Consider a linear operator $T: V \to V$ on a finite-dimensional vector space $V$. Suppose that $U$ is a $T$-invariant subspace of $V$, and consider the map $T/U: V/U \to V/U$ given by $T/U(v + U) = T(v) + U$ (here $V/U$ is the quotient space). I'm interested in how exactly the characteristic polynomials of the three operators $T/U, T,$ and $T|_U$ are related (here $T|_U$ denotes the operator $T$ restricted to $U$).
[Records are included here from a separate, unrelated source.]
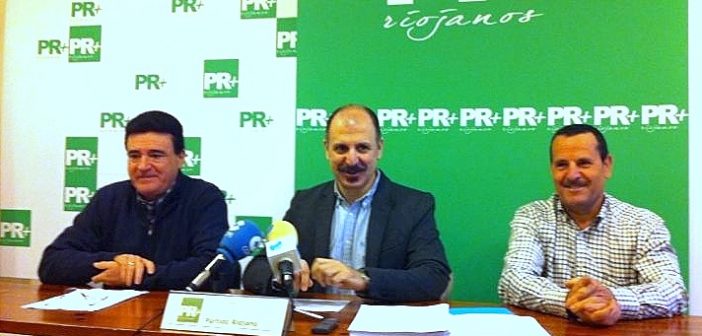 Francisco Jalón González, Miguel González de Legarra y José Luis Santibañez Barragán, PR+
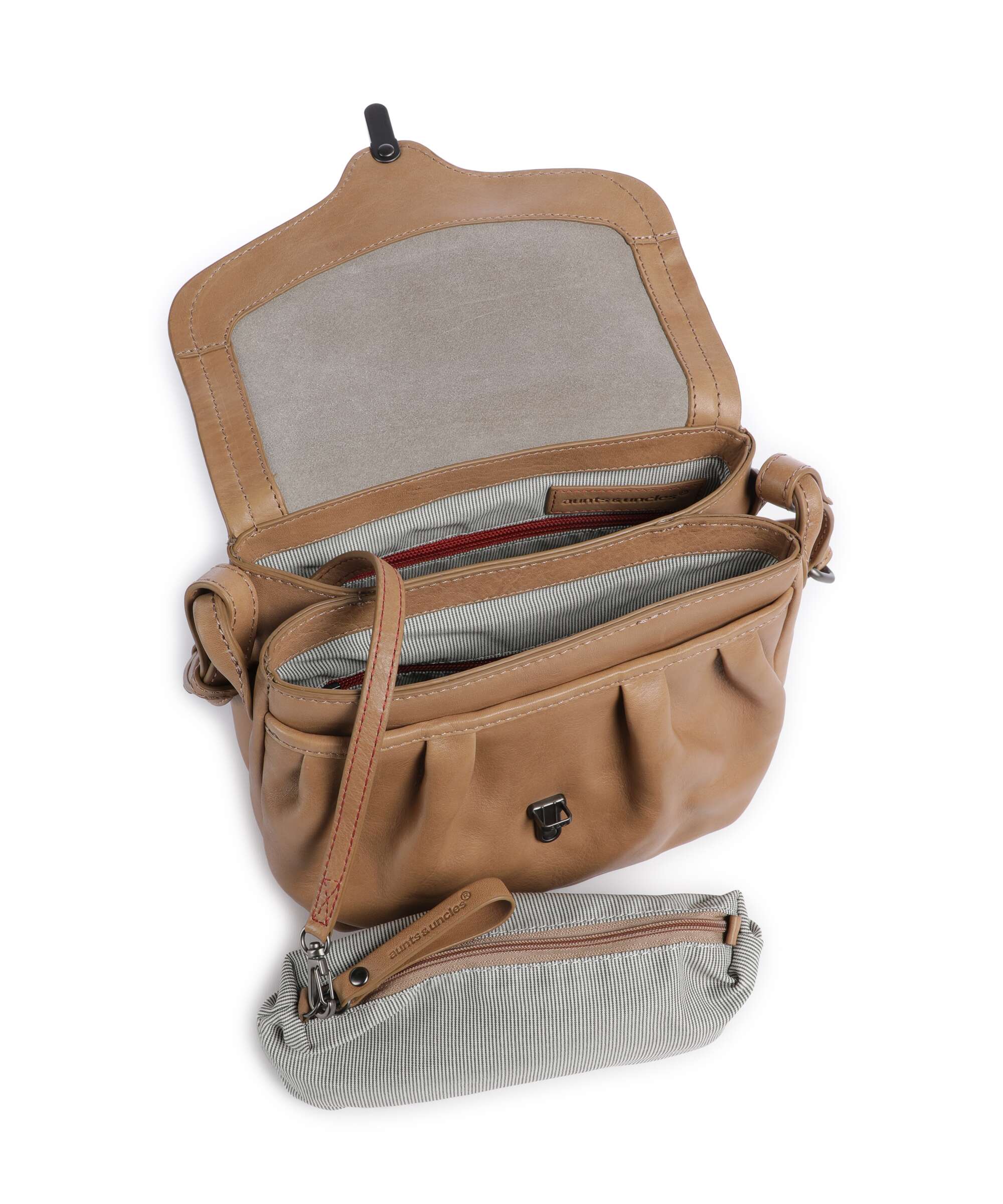 Aunts & Uncles Grandma's Luxury Club Mrs. Coconut Cake Crossbody bag iced coffee - Image 6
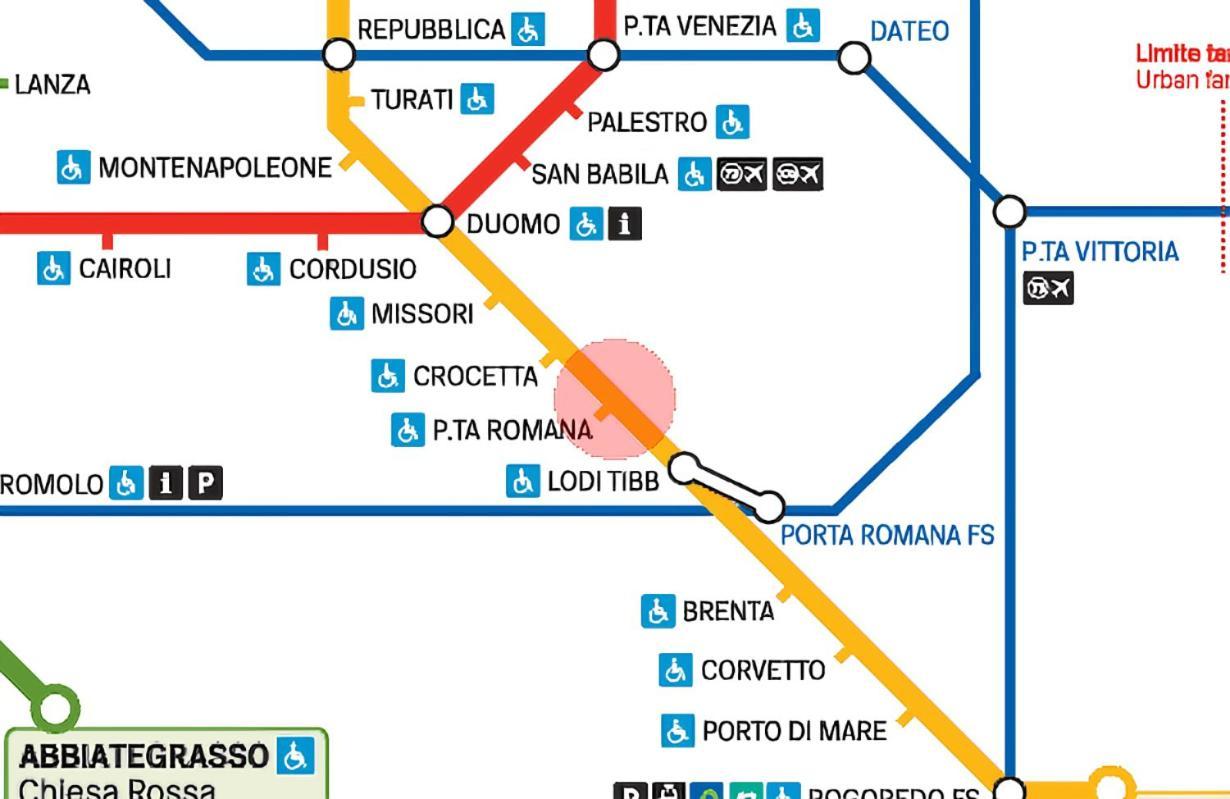 Corso Lodi 6 Milano Porta Romana - Bellissimo Nuovo Appartamento Con 2 Camere Da Letto E Due Bagni - Beautiful Newly Decorated 2 Bedrooms 2 Bathrooms With Free Parking Per Selected Qualifying Rate - Metro Subway Porta Romana 6 Minutes To Duomo Cathed Apartment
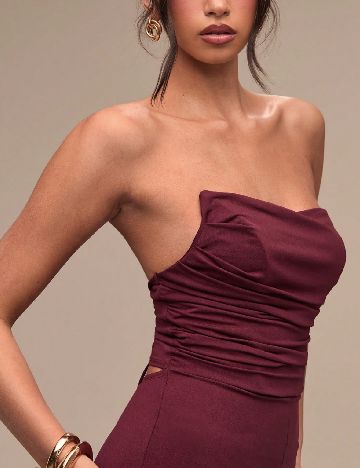 Salopeta SHEIN, visiniu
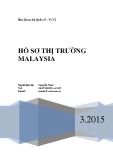 Hồ sơ thị trường Malaysia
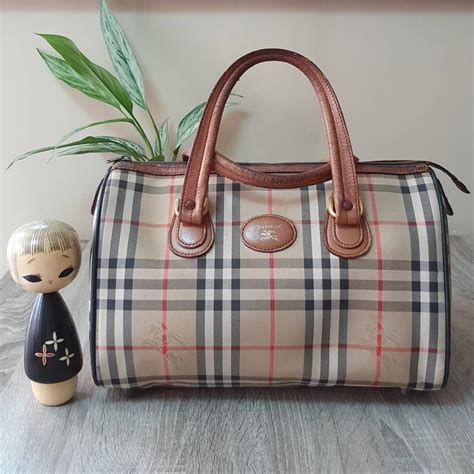 vintage corduroy burberry bag square with pocket|Burberry handbags vintage.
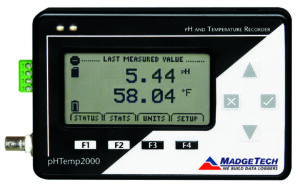 MadgeTech pHTemp2000 pH & Temperature Data Logger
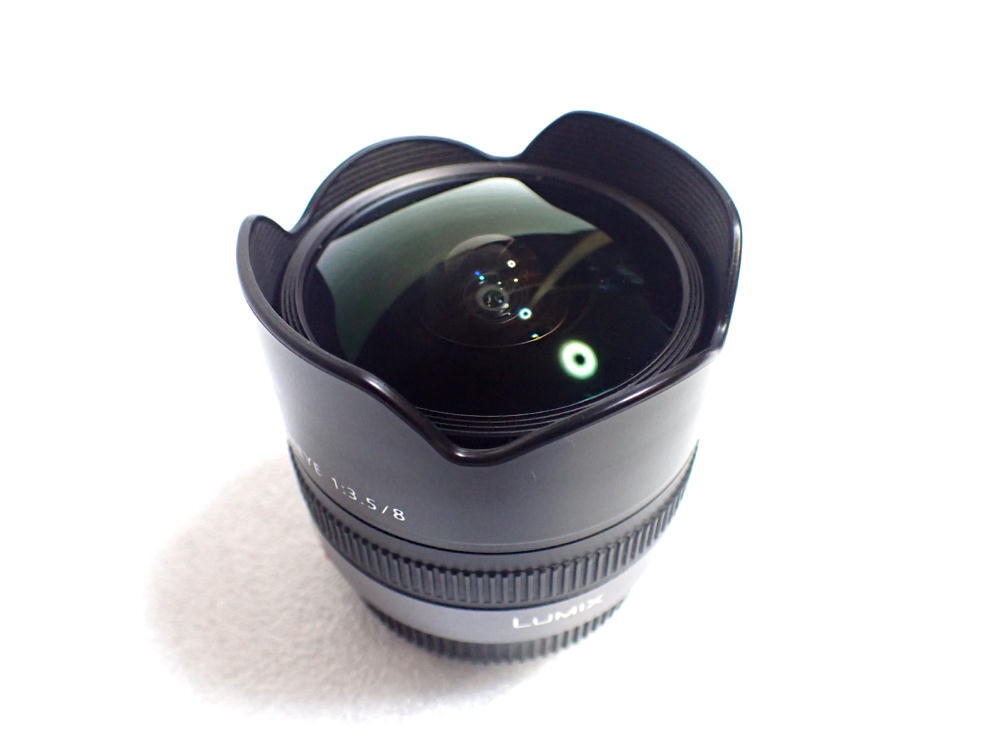  Panasonic LUMIX G FISHEYE 8mm / F3.5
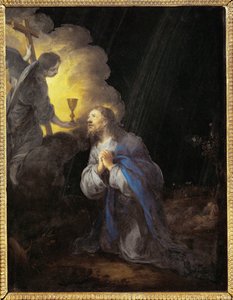 Le Christ au jardin des oliviers - 基督在客西马尼花园...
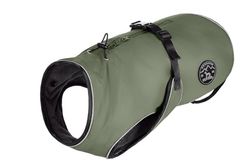 HUNTER Uppsala Manteau pour Chien Kaki 47,5 cm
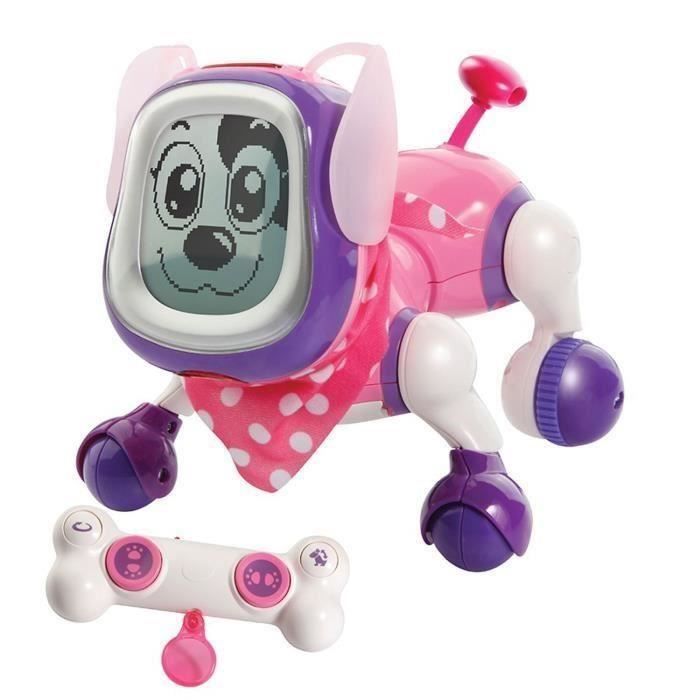 VTECH - Rose Kididoggy - un chien robot interactif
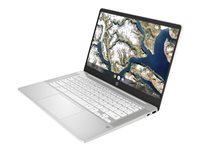 HP Chromebook 14a-na0020nr Intel Celeron N4020 / up to 2.8 GHz Chrome OS UHD Graphics 600 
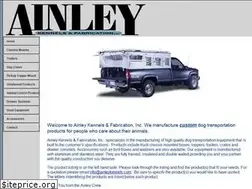 Sites similar to ainleykennels.com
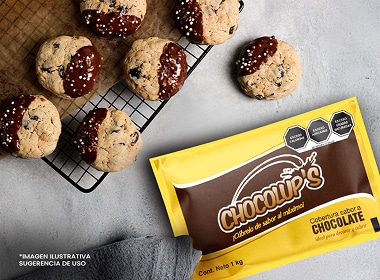 Cobertura de chocolate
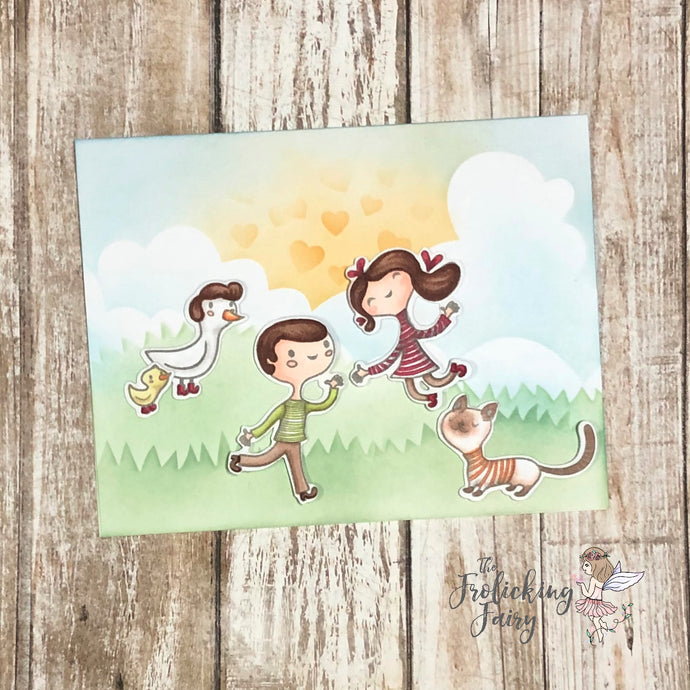 Hooray, it's a sun shiny day!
I can show that the eigenvalues of $T|_U$ and the eigenvalues of $T/U$ are also eigenvalues of $T$, so my conjecture is that $p_T(\lambda) = p_{T|_U}(\lambda) \cdot p_{T/U}(\lambda)$, where in general $p_\ell(\lambda)$ is the characteristic polynomial of the linear operator $\ell$. However, I'm not sure how to go about showing that the multiplicities of each eigenvalue "match up".

Answer 1

Choose a basis of $U$, and complete it into a basis of $V$. On the other hand, the vectors that you used to complete the basis can be used to form a basis of $V/U$.

The matrix of $T$ in the completed basis then looks like $$\left[\matrix{M_{T_{U}} &*\\0&M_{T/U}}\right]$$ where $M_{T/U}$ is with respect to the basis from the remark above, and $*$ stands for irrelevant (though possibly non-zero) entries.

Your conjecture follows immediately.